Certainly as they get older, we may not be skilled at the particular things that they like doing. I look at our two sons and know Ben’s doing an engineering degree. And my two worst subjects were maths and English! 

“We want to give them the skills to learn for themselves”

NG: Why did you chose to go the same way with your daughters?

MA: Our girls have had some learning challenges and it is interesting to discover that increasing numbers of home-educated children are being taken out because they have various different sort of special needs: sensory processing, autism, ADHD and the like. Certainly we have found the daily flexibility a great help as we have sought to help our girls.

NG: One question that parents ask about home schooling is the socialisation side.

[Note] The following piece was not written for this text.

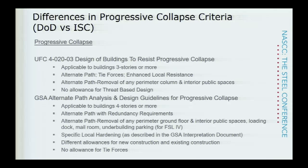A quick mention of a couple of other blast-related documents: ASCE 59-11, AISC Steel Design Guide 26, and the ASCE Blast and Progressive Collapse Standards. None of these are specifically referenced in the DOD ATFP or ISC requirements, but they are helpful resources to be aware of and know that they're available.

MA: That’s actually in third chapter of the book called Socially Speaking, on understanding the home-educated childhood social being, because it is the hot potato.

There are so many ways to answer this. I think it depends what we mean by socialisation. Classically in childhood, we tend to think if you’re socialised, then it’s horizontal socialisation: playing with lots of children all of the same age.

But actually, that’s not like it is in the world outside, is it? As home-educated children, they are out and about a lot: whether that’s shopping, whether that’s going to library, whether that’s going to different homes, home-education co-ops, after-school clubs, visiting grandparents, babysitting as they get older. So they have to relate to others and this needn’t be a problem.